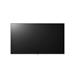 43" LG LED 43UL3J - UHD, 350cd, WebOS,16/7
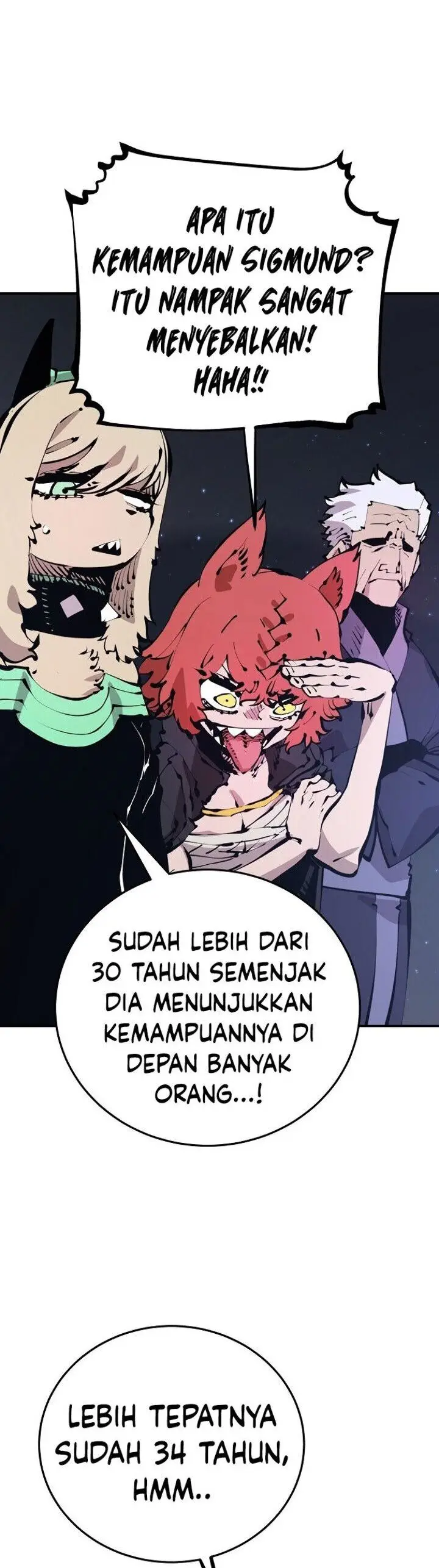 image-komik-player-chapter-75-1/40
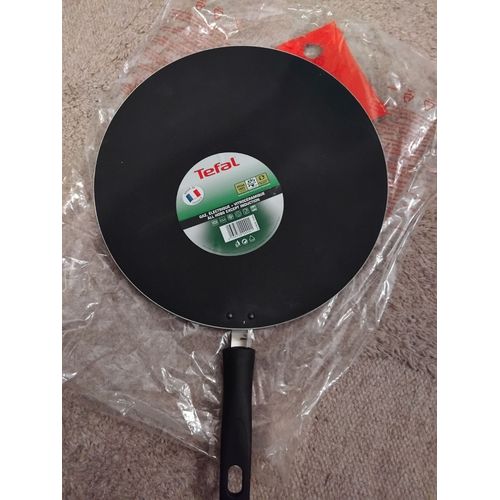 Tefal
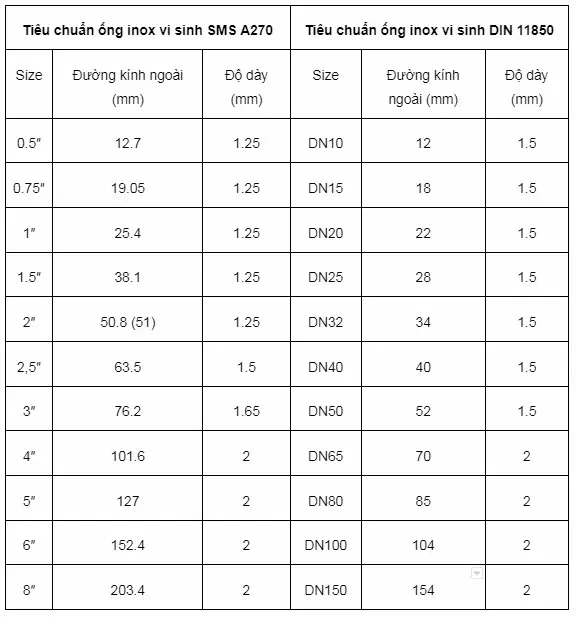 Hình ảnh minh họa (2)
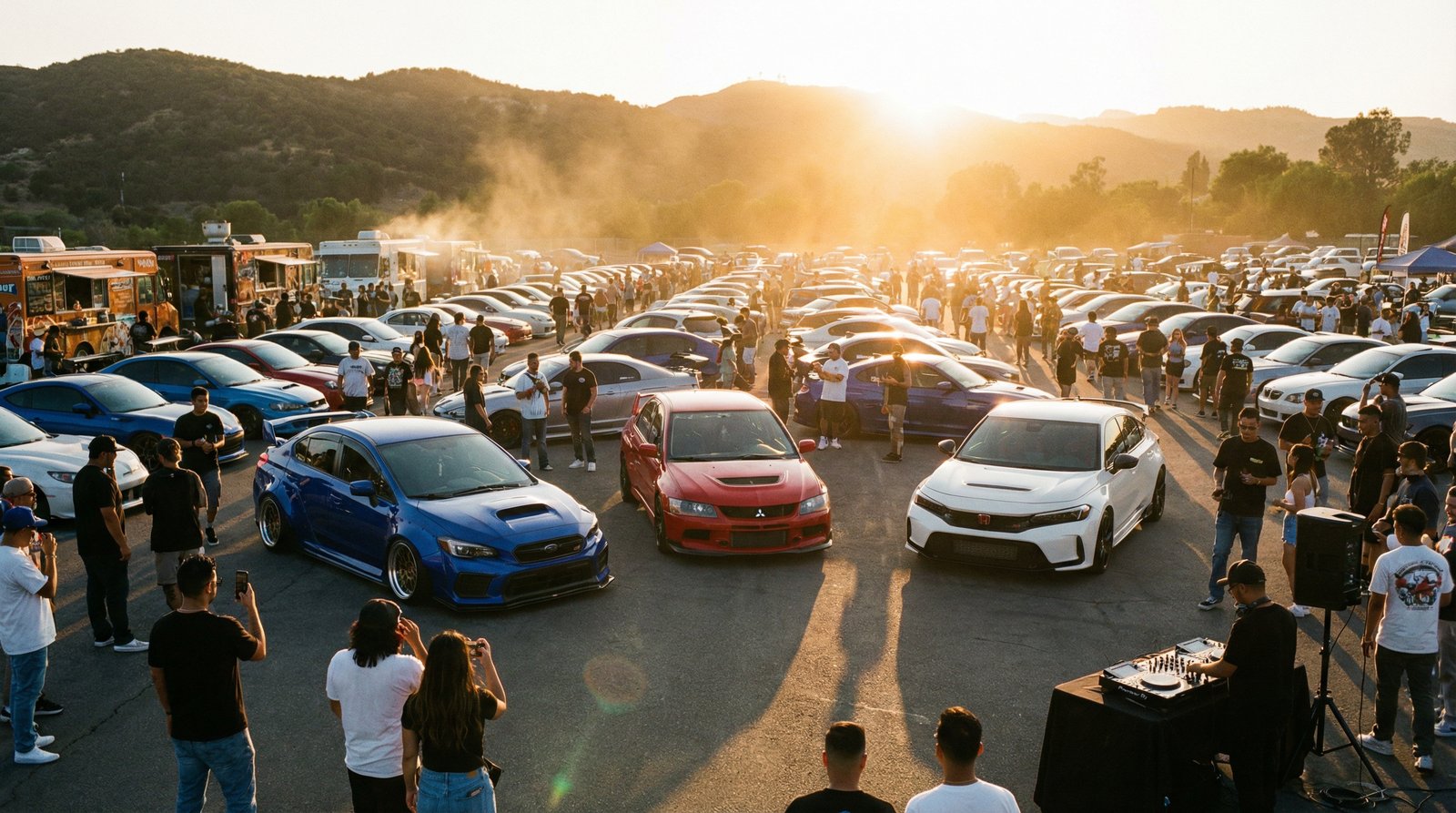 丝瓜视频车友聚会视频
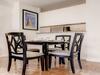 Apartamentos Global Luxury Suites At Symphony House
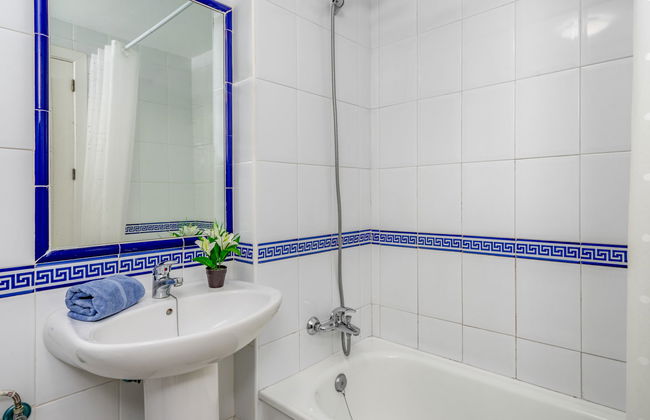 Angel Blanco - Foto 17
------------------------------------------------------------------------
◆ Task requirements:
Write out, with no pictures, only the lines from the line containing "Apartamentos Global Luxury" through the last line of the listing above, exactly and with both ends included.

◆ Exercise response:
 Apartamentos Global Luxury Suites At Symphony House
 Angel Blanco - Foto 17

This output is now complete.